--- The data Enclosed Below ---

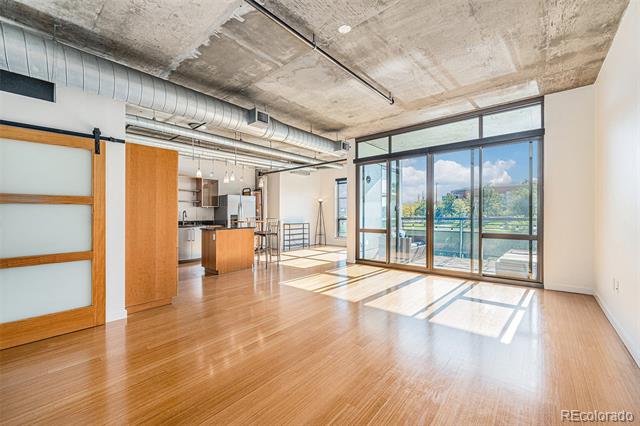 1401 Wewatta Street Unit: 214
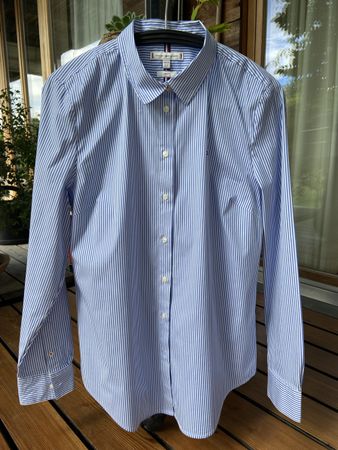 Tommy Hilfiger Blus Gr. 40 Slim Fit, blau-weiss gestreift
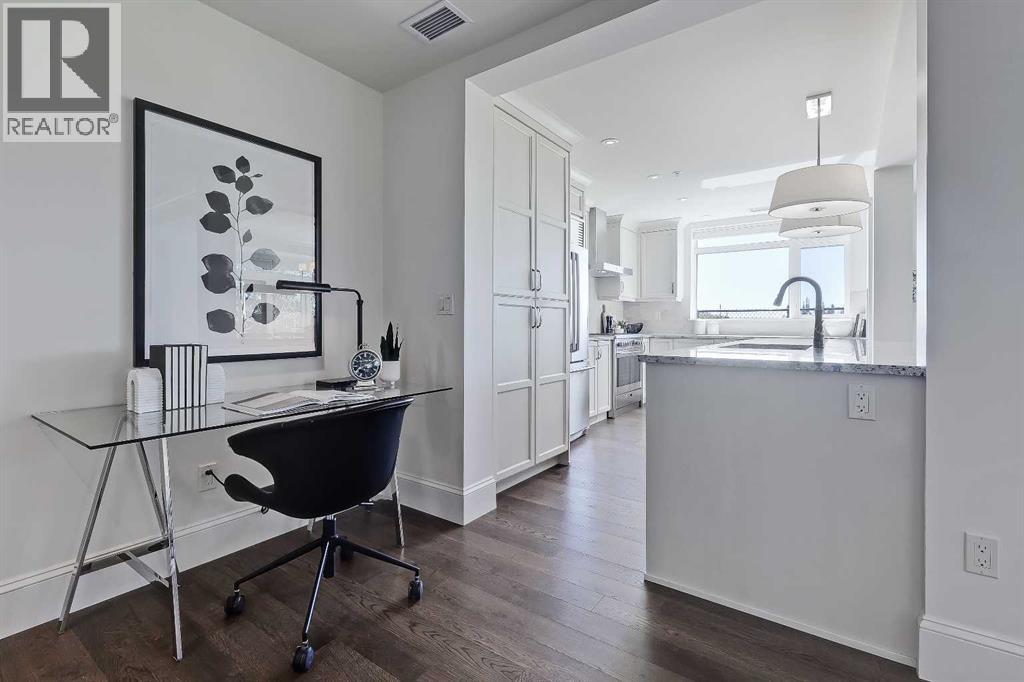 Single Family House for Sale in   Quarry Way SE Douglasdale/Glen Calgary 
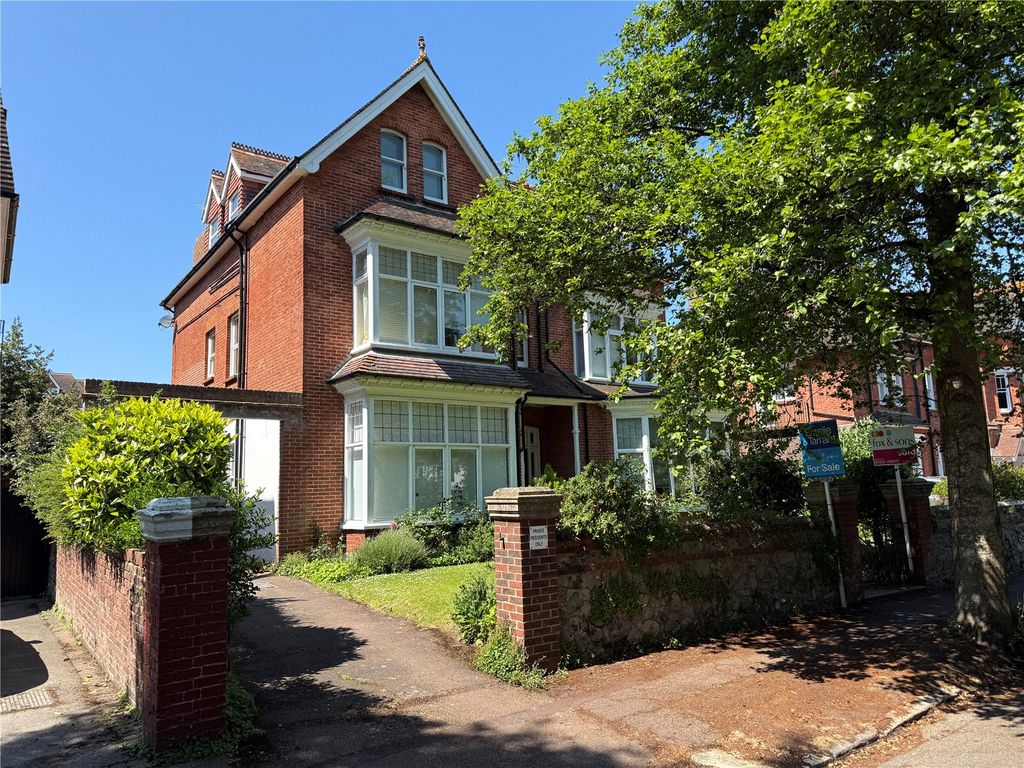 Property photo 1 of 16 Picture No. 06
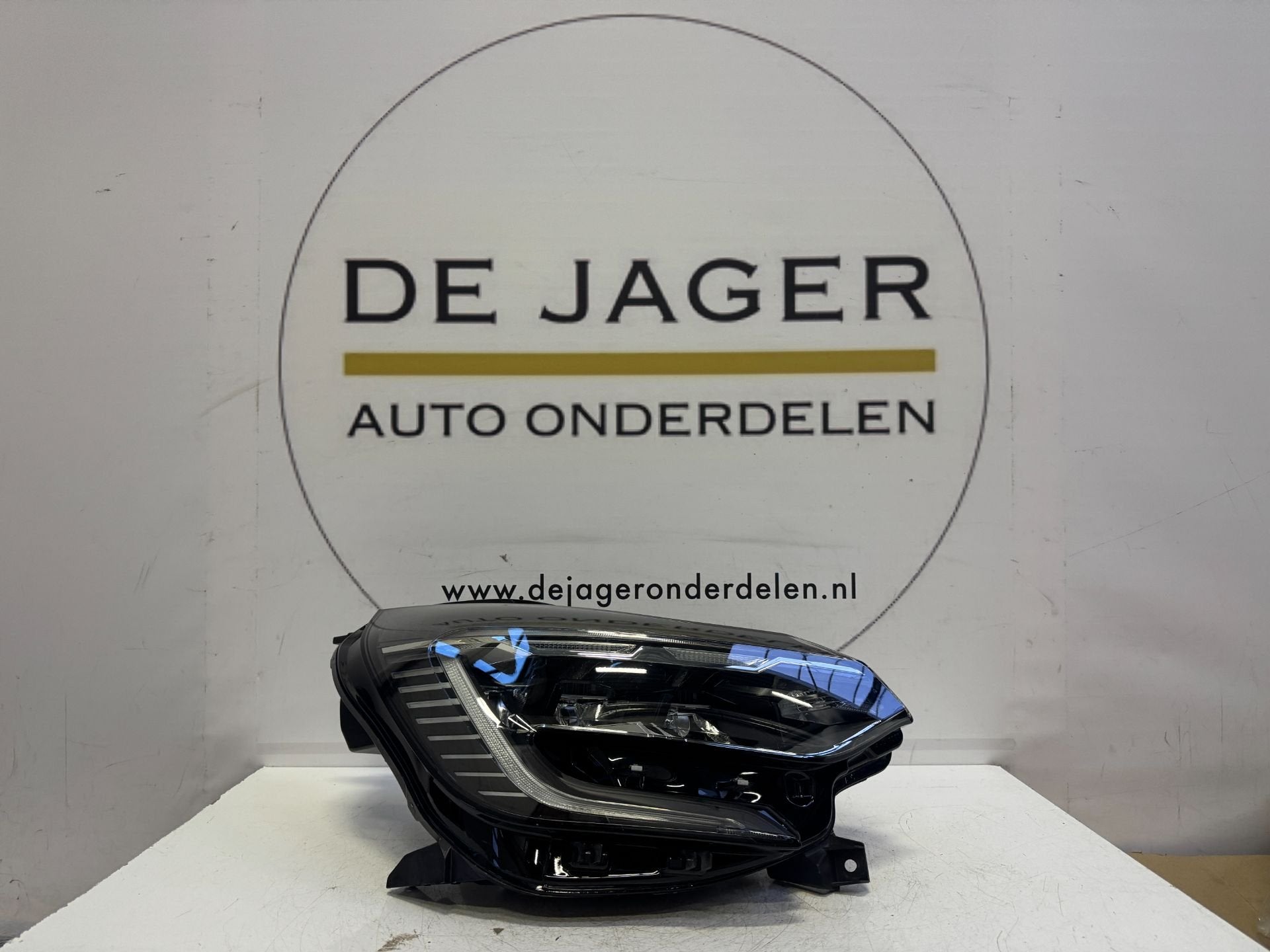 RENAULT CAPTUR 2 VOL LED KOPLAMP RECHTS 260104900R, Renault Group, Gebruikt, Contact.group@renault.com, Renault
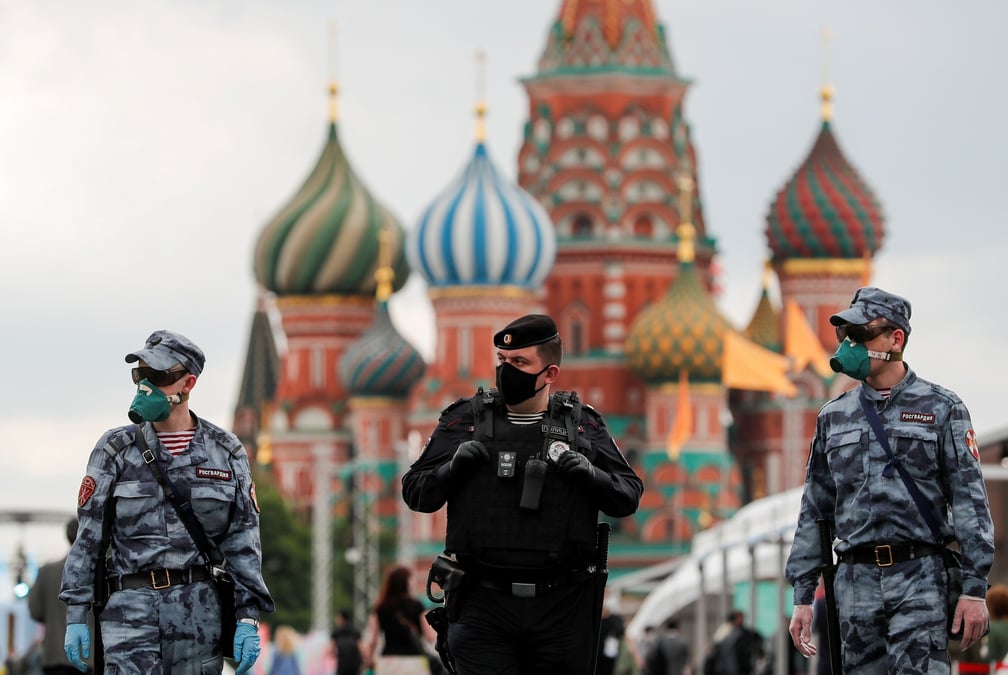 La russie autorise des voyages a l'etranger, moscou leve le confinement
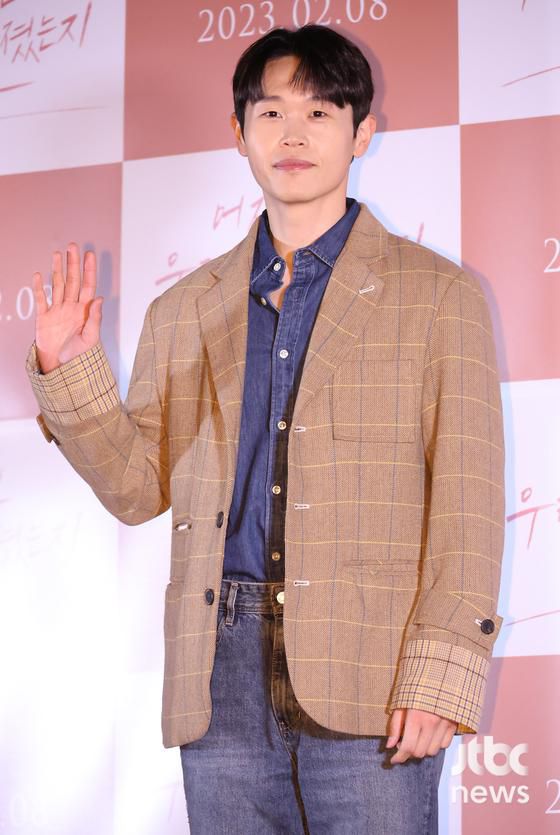 1일 오후 서울 용산구 CGV 용산아이파크몰점에서 영화 '어쩌면 우린 헤어졌는지 모른다' 제작보고회가 열렸다. 형슬우 감독과 배우 이동휘, 정다은, 강길우가 참석했다.   박세완 엔터뉴스팀 기자 park.sewan@jtbc.co.kr (콘텐트비즈니스본부)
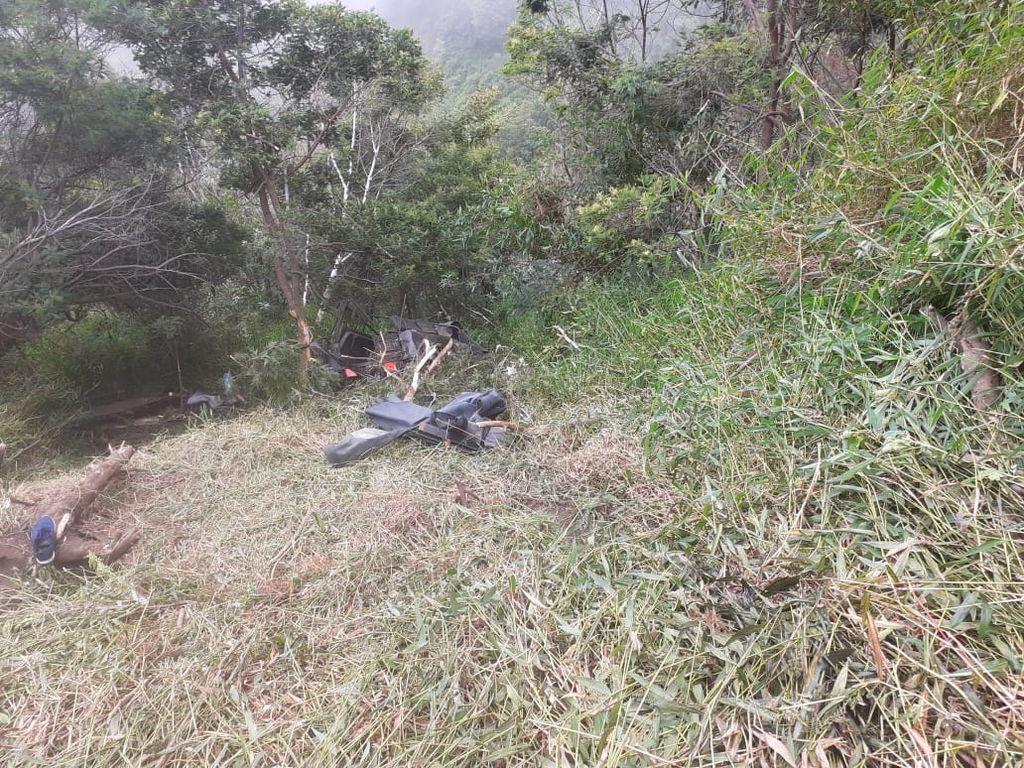 Jip wisata jatuh ke jurang di kawasan Bromo, Sabtu (10/9/2022). Dua orang dari enam penumpangnya tewas.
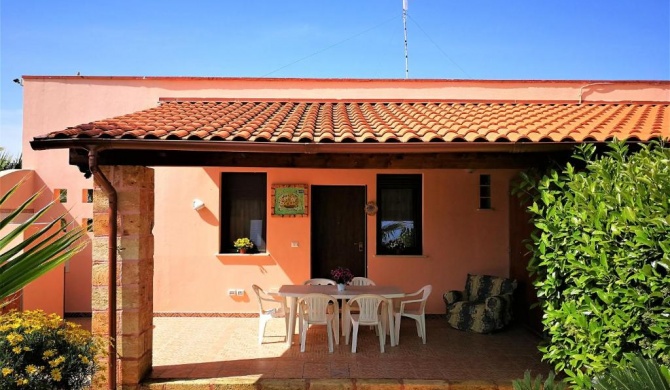 2 bedrooms house at Torre San Giovanni 700 m away from the beach with enclosed garden and wifi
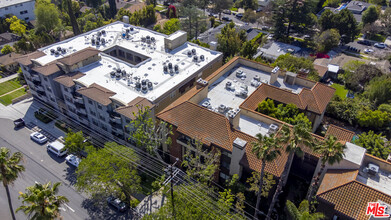 13200 Moorpark St-Unit -106 in Los Angeles, CA - Building Photo - Building Photo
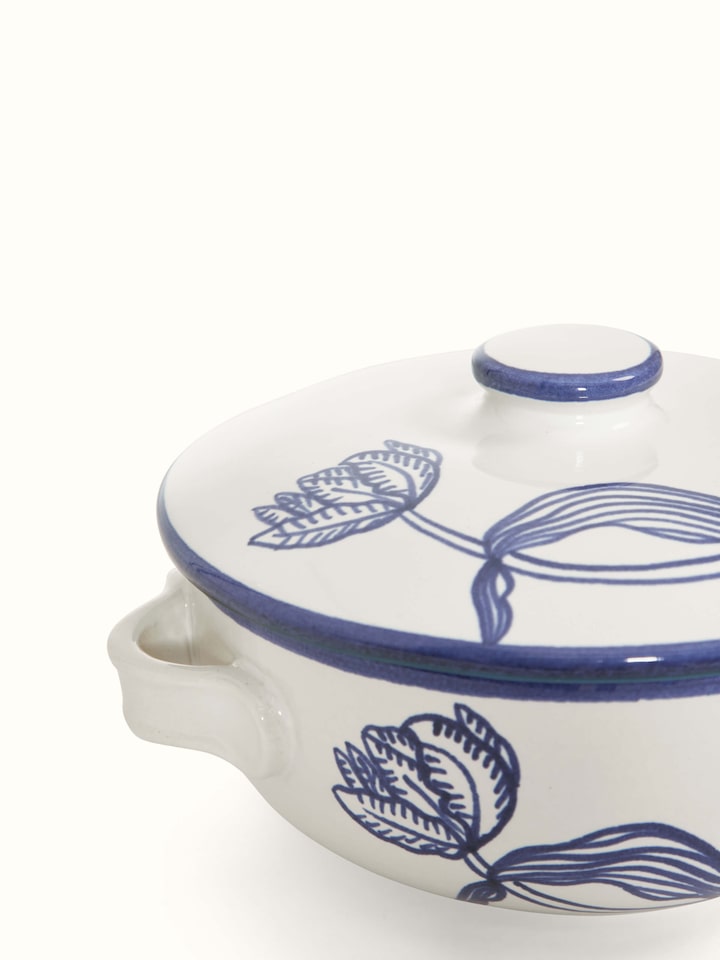 Side view showing the Khurja Pottery Ceramic Roti Box with its lid on, highlighting the overall shape and details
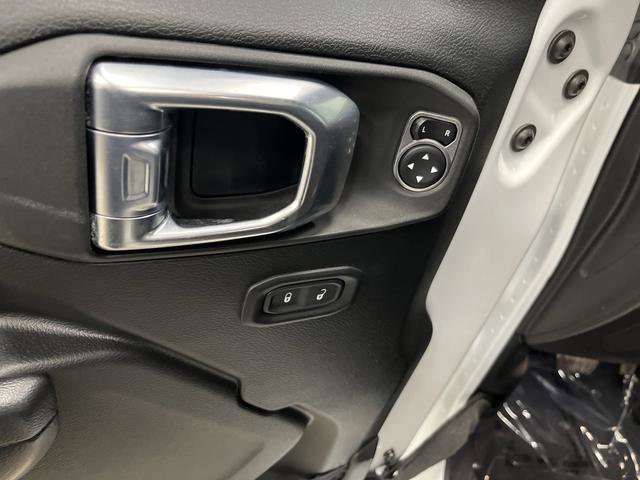 Used 2021 Jeep Wrangler Unlimited Sport AWD/4WD image 25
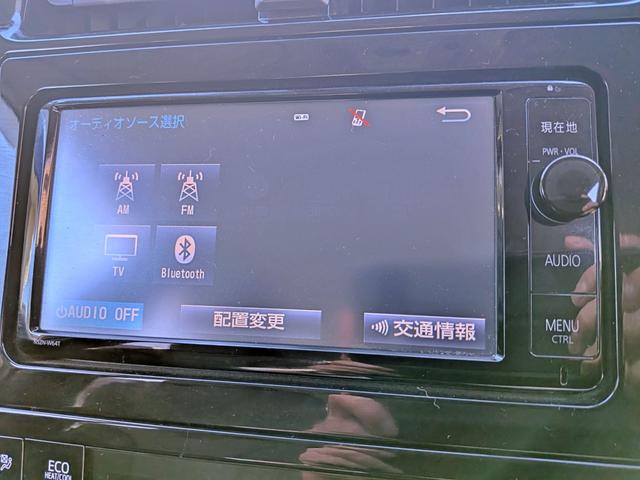 プリウス Ｓ　フルエアロ／純ナビフルセグ／Ｂカメラ／ＢＴ／ＥＴＣ／ステリモ／ＬＥＤヘッド／オートライト／オートＡＣ／ＶＳＣ／フォグ／純１５ＡＷ／ウィンカーミラー／シートリフター／バニティミラー／ＣＤ／ＤＶＤ（6枚目）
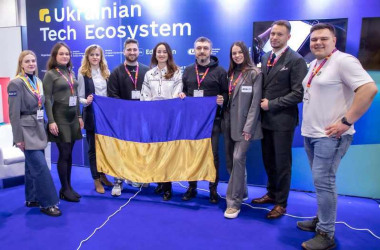 Українські EdTech-стартапи презентували Україну на виставці Bett UK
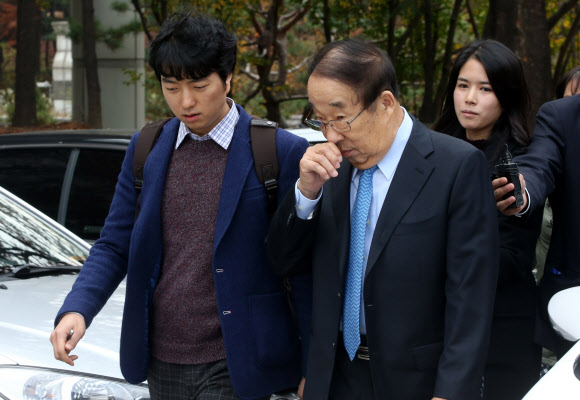 중앙대학교 역점사업과 관련해 뇌물공여와 특정경제범죄가중처벌법상 배임 등 혐의로 불구속 기소된 박용성 전 두산그룹 회장이 20일 오전 서초구 서울중앙지법에서 열린 선고공판을 마치고 차로 향하고 있다.  이날 박 전 두산그룹 회장에게는 집행유예가 선고됐다.  연합뉴스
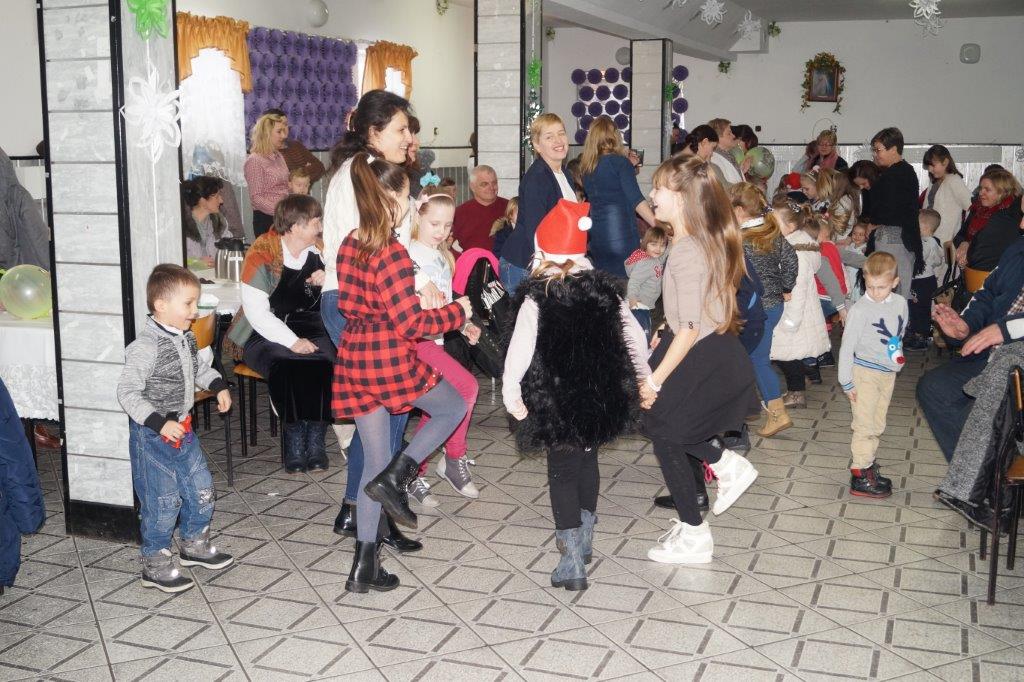 Zabawa choinkowa w Świetlicy Wiejskiej w Wójcinie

--- End of Enclosed The data ---

## Instructions for the task
When you copy the records above, keep every word exact and drop the pictures.

## Written solution
 1401 Wewatta Street Unit: 214
 Tommy Hilfiger Blus Gr. 40 Slim Fit, blau-weiss gestreift
 Single Family House for Sale in   Quarry Way SE Douglasdale/Glen Calgary 
 Property photo 1 of 16 Picture No. 06
 RENAULT CAPTUR 2 VOL LED KOPLAMP RECHTS 260104900R, Renault Group, Gebruikt, Contact.group@renault.com, Renault
 La russie autorise des voyages a l'etranger, moscou leve le confinement
 1일 오후 서울 용산구 CGV 용산아이파크몰점에서 영화 '어쩌면 우린 헤어졌는지 모른다' 제작보고회가 열렸다. 형슬우 감독과 배우 이동휘, 정다은, 강길우가 참석했다.   박세완 엔터뉴스팀 기자 park.sewan@jtbc.co.kr (콘텐트비즈니스본부)
 Jip wisata jatuh ke jurang di kawasan Bromo, Sabtu (10/9/2022). Dua orang dari enam penumpangnya tewas.
 2 bedrooms house at Torre San Giovanni 700 m away from the beach with enclosed garden and wifi
 13200 Moorpark St-Unit -106 in Los Angeles, CA - Building Photo - Building Photo
 Side view showing the Khurja Pottery Ceramic Roti Box with its lid on, highlighting the overall shape and details
 Used 2021 Jeep Wrangler Unlimited Sport AWD/4WD image 25
 プリウス Ｓ　フルエアロ／純ナビフルセグ／Ｂカメラ／ＢＴ／ＥＴＣ／ステリモ／ＬＥＤヘッド／オートライト／オートＡＣ／ＶＳＣ／フォグ／純１５ＡＷ／ウィンカーミラー／シートリフター／バニティミラー／ＣＤ／ＤＶＤ（6枚目）
 Українські EdTech-стартапи презентували Україну на виставці Bett UK
 중앙대학교 역점사업과 관련해 뇌물공여와 특정경제범죄가중처벌법상 배임 등 혐의로 불구속 기소된 박용성 전 두산그룹 회장이 20일 오전 서초구 서울중앙지법에서 열린 선고공판을 마치고 차로 향하고 있다.  이날 박 전 두산그룹 회장에게는 집행유예가 선고됐다.  연합뉴스
 Zabawa choinkowa w Świetlicy Wiejskiej w Wójcinie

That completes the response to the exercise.